**TASK OBJECTIVE**
Locate the line containing "this 600×413 image." in the data below. Reproduce it and every following line up to the end, exactly as given.

DATA FOR THIS EXERCISE section start

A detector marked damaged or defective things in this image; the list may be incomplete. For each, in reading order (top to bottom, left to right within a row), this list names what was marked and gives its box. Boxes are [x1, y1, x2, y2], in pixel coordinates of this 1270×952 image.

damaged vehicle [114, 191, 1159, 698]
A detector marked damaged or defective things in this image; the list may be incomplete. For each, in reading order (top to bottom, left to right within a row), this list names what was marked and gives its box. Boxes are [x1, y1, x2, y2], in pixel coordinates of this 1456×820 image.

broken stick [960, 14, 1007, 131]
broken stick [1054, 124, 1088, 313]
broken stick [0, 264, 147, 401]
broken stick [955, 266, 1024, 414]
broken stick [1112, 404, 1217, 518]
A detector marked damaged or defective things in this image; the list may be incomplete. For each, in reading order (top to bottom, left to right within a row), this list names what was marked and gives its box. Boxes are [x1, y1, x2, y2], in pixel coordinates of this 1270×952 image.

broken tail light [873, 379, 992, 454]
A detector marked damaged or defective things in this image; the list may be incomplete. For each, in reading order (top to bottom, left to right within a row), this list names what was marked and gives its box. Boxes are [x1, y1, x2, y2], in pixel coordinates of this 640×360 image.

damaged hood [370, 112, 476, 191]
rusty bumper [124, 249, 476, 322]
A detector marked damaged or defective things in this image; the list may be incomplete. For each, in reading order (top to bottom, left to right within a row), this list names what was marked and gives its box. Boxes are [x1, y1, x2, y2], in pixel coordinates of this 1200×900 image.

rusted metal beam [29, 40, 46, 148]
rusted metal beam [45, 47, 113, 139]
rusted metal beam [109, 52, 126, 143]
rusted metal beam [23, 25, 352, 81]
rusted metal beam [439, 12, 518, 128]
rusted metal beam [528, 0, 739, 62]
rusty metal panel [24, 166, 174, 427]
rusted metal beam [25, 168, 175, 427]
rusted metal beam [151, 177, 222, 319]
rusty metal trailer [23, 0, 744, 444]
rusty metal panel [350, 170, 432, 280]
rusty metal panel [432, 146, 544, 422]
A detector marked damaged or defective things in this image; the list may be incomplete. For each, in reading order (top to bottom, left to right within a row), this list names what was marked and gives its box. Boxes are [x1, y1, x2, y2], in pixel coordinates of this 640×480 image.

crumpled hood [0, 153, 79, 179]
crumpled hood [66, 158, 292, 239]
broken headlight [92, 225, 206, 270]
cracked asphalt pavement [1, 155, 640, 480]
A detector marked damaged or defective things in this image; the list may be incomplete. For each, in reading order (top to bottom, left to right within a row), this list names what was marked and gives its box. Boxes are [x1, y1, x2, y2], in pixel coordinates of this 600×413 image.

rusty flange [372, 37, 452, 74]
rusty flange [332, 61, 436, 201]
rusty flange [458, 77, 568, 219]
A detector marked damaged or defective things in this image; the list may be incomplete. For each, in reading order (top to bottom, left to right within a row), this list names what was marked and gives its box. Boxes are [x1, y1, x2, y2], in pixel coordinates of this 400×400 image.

DATA FOR THIS EXERCISE section end

**EXERCISE RESPONSE**
A detector marked damaged or defective things in this image; the list may be incomplete. For each, in reading order (top to bottom, left to right within a row), this list names what was marked and gives its box. Boxes are [x1, y1, x2, y2], in pixel coordinates of this 600×413 image.

rusty flange [372, 37, 452, 74]
rusty flange [332, 61, 436, 201]
rusty flange [458, 77, 568, 219]
A detector marked damaged or defective things in this image; the list may be incomplete. For each, in reading order (top to bottom, left to right within a row), this list names what was marked and gives its box. Boxes are [x1, y1, x2, y2], in pixel coordinates of this 400×400 image.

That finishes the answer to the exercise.